Laura Kalbag

Beyond my means

When I wrote about owning and controlling my own content, I talked about trying to keep my “content” in its canonical location on my site, and then syndicating it to social networks and other sites. Doing this involves cross-posting, something that can be done manually (literally copying and pasting titles, descriptions, links etc) or through automation. Either way, it’s a real faff. Posting to my site alone is a faff.

As Aral keeps saying to me (and I reluctantly agree), we have to do these things the hard way so we can work out how to make them easier. It is the essence of what we’re trying to achieve at Ind.ie.

I am not being defeatist when I say that these tasks are often beyond my means. Beyond my means in financial cost, ability, time, and confidence.

Financial cost

Owning your own content is expensive because you’ve got to host your own content. Jessie Frazelle wrote this relevant tweet last year:

“cloud privilege:

when you can spin up infrastructure to mess around with things without paying for it. (working for cloud provider)”

I think of cloud privilege every time a person complains that someone else took their old site offline, or didn’t set up redirects. Hosting a history is expensive. Paying for yearly domain renewals is expensive. It may be a negligible cost to you, but it is not a negligible cost to everyone.

Of course, there are numerous cheap (or even free) hosts and cloud-related services out there. But do they respect my privacy? Do they respect the privacy of the people visiting my site? Recently I wrote about the cost of access for folks using free assistive technologies. The same goes for all technology as well as owning our own content. Privacy should not be the cost of freedom. As ever, marginalised groups are the most affected by these costs.

Time

Another area where owning your own content is a privilege is time. Building a website is time-consuming. Manually copying and pasting content to syndicate it to social networks is time-consuming. Building a tool to do the work for you is time consuming. Nobody is going to pay me for this time.

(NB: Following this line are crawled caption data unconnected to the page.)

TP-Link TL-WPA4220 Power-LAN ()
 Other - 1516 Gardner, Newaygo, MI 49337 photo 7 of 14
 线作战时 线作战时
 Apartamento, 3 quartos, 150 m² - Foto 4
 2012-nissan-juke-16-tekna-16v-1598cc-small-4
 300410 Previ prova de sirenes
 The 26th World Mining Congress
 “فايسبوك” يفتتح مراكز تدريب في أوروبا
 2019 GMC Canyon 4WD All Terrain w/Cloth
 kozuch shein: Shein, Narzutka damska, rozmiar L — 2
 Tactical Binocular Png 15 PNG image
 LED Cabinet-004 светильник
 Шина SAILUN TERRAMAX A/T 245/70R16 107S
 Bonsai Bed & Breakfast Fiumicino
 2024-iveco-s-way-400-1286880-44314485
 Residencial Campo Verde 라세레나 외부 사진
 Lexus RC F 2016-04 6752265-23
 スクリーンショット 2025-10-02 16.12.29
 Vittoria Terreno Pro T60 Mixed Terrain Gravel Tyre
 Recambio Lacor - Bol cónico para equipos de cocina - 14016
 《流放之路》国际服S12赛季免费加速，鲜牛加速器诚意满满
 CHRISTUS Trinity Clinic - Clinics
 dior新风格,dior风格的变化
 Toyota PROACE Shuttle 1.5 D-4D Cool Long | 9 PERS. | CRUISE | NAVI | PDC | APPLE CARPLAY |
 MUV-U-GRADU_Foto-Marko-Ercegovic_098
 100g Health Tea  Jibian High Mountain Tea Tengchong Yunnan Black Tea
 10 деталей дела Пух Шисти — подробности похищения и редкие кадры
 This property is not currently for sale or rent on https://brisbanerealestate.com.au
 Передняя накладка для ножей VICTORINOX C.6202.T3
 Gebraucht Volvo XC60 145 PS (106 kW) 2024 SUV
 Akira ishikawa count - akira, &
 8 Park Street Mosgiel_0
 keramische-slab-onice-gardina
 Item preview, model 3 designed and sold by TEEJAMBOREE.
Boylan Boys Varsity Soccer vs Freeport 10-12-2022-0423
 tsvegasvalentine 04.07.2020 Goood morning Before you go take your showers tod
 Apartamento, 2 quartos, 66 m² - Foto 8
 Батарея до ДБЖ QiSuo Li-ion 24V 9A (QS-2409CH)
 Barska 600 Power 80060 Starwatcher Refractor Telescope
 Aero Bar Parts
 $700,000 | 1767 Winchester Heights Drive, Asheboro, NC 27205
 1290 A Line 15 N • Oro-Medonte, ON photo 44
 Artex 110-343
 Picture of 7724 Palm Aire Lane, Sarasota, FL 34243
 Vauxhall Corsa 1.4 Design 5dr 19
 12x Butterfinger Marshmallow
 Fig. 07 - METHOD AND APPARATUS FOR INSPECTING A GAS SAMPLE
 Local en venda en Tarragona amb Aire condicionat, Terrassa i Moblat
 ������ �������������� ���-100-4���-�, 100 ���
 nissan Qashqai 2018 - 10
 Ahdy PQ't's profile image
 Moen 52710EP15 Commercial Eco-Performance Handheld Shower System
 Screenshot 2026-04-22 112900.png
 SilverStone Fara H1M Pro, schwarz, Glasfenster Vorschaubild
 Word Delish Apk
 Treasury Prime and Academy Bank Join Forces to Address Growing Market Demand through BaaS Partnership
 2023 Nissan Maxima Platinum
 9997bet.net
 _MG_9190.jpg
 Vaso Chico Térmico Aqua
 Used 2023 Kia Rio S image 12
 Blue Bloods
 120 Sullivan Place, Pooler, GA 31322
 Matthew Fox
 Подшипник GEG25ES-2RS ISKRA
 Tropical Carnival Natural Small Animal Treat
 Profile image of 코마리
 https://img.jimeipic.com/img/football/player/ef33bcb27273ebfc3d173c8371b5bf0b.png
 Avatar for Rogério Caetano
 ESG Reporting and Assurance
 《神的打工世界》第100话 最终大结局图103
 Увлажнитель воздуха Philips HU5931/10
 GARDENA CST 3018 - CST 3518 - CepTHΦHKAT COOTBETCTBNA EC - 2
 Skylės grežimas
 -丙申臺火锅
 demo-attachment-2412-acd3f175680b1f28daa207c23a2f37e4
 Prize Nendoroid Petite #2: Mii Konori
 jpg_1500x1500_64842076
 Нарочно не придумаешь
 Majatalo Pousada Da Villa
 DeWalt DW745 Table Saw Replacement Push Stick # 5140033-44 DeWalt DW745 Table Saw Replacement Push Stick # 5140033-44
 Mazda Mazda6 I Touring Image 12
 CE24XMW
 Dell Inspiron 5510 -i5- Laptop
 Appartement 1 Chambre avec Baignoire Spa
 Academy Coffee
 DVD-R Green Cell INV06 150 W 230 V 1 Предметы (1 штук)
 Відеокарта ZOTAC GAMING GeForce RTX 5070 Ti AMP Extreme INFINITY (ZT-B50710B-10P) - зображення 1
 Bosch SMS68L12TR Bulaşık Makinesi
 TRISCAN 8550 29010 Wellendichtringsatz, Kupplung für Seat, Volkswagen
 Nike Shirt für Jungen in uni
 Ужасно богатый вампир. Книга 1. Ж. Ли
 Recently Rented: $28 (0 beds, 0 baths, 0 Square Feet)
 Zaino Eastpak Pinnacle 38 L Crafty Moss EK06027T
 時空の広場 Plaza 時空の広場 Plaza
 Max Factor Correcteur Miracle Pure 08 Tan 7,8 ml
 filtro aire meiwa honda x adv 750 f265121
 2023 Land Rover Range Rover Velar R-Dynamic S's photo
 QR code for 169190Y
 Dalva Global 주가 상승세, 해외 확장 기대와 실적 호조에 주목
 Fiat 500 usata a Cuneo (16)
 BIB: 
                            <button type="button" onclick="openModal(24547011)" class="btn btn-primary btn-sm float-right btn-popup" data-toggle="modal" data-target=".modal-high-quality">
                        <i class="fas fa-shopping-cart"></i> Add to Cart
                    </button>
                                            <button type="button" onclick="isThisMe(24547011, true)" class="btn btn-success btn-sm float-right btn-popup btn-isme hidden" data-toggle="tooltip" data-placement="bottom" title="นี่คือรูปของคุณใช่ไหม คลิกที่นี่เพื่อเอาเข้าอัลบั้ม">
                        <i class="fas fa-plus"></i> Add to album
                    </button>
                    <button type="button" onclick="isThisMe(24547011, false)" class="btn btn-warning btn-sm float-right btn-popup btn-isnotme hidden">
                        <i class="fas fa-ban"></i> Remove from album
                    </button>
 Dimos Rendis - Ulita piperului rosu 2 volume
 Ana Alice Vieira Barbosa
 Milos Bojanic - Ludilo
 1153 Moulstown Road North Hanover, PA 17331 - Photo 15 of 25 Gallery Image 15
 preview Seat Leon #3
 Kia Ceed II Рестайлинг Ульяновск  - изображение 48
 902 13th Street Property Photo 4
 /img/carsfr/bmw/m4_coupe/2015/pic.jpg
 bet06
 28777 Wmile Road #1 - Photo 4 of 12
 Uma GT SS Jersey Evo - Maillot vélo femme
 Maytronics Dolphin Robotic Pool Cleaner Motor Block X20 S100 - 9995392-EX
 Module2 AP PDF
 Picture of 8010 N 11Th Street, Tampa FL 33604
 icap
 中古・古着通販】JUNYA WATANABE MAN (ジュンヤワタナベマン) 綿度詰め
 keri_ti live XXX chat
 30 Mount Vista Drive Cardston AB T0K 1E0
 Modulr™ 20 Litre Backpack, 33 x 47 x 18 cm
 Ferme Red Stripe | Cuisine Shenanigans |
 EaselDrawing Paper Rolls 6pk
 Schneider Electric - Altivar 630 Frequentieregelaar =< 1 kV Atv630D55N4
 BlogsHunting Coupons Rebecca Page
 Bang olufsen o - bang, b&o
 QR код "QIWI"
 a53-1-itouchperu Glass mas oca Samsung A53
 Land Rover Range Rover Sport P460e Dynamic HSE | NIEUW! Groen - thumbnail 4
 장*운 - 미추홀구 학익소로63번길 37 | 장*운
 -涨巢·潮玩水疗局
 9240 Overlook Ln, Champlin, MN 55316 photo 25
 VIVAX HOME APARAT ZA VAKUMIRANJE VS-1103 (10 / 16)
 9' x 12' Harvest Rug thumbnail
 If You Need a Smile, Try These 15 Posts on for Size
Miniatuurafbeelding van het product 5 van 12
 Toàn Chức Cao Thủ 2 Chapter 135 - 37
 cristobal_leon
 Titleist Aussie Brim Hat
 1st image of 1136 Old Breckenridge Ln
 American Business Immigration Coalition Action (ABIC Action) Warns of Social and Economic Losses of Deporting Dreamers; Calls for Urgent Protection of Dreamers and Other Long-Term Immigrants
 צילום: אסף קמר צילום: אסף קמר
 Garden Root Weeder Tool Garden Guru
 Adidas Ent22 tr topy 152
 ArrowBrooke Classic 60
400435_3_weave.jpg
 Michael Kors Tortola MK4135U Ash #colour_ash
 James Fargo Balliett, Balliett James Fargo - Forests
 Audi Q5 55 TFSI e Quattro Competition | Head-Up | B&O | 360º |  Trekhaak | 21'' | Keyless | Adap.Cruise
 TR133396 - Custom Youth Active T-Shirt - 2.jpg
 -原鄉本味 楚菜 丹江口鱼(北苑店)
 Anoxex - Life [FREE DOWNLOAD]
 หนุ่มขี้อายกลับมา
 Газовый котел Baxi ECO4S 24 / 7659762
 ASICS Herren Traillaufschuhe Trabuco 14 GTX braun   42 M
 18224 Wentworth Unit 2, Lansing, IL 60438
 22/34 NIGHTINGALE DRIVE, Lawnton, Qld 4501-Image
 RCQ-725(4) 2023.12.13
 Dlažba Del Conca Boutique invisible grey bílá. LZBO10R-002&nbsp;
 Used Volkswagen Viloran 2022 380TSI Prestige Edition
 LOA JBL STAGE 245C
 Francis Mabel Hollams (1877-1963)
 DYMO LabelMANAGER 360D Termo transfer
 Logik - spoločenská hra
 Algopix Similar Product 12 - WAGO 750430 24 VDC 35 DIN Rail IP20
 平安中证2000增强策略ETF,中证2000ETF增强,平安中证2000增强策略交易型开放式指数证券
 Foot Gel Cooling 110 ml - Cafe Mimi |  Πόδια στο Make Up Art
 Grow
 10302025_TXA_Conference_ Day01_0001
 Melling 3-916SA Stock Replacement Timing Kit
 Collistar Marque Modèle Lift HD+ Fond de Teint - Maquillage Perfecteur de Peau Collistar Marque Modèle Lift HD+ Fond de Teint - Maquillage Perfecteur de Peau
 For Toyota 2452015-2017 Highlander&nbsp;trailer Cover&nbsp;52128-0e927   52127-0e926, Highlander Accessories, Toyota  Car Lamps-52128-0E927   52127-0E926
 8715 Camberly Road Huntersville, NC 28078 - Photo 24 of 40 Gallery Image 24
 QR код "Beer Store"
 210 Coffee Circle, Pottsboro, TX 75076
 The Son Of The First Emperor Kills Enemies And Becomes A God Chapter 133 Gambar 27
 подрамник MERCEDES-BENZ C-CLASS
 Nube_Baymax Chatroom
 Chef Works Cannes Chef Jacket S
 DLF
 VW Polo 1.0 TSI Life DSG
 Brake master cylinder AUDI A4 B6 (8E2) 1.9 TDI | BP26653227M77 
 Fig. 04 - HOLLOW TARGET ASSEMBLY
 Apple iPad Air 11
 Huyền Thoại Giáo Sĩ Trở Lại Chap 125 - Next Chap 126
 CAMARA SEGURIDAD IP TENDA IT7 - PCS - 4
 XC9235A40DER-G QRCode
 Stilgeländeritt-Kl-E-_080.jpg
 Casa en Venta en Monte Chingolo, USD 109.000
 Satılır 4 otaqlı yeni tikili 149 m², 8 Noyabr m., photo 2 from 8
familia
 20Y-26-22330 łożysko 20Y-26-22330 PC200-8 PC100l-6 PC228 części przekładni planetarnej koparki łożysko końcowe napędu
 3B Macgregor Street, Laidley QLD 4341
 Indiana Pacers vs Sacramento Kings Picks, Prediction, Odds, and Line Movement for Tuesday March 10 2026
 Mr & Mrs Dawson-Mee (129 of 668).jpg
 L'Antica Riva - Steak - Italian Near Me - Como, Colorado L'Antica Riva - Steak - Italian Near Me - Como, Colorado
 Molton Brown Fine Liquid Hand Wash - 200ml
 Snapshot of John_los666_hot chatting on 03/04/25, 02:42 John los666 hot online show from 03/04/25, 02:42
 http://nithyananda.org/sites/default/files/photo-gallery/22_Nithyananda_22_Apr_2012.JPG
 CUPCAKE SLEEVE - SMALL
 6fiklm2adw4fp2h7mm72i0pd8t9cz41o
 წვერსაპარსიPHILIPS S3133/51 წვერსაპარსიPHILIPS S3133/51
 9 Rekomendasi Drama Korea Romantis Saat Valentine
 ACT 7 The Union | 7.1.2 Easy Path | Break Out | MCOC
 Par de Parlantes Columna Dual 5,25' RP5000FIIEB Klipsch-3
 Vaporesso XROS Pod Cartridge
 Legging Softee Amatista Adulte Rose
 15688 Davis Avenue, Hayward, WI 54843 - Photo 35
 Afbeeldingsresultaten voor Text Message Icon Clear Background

As free time goes, I’m fairly well-off. My only dependent is a dog. But the majority of my time is spent doing work that pays the rent, domestic tasks that keep me alive, and enough time leftover to stop my mental health from caving in. That does not leave a lot of time to create, maintain, and use the tools required to own my own content. Because these tools do not really already exist. And those that do exist are not trivial to use… which brings me to ability.

Ability

I can make websites. I can make text into a web page and deploy it to my own (rented) server at my own publicly-available address. Those things alone are not insignificant—it took me a lot of time, and some financial cost, to get my knowledge and skills to the point where I had the ability to do those things and more.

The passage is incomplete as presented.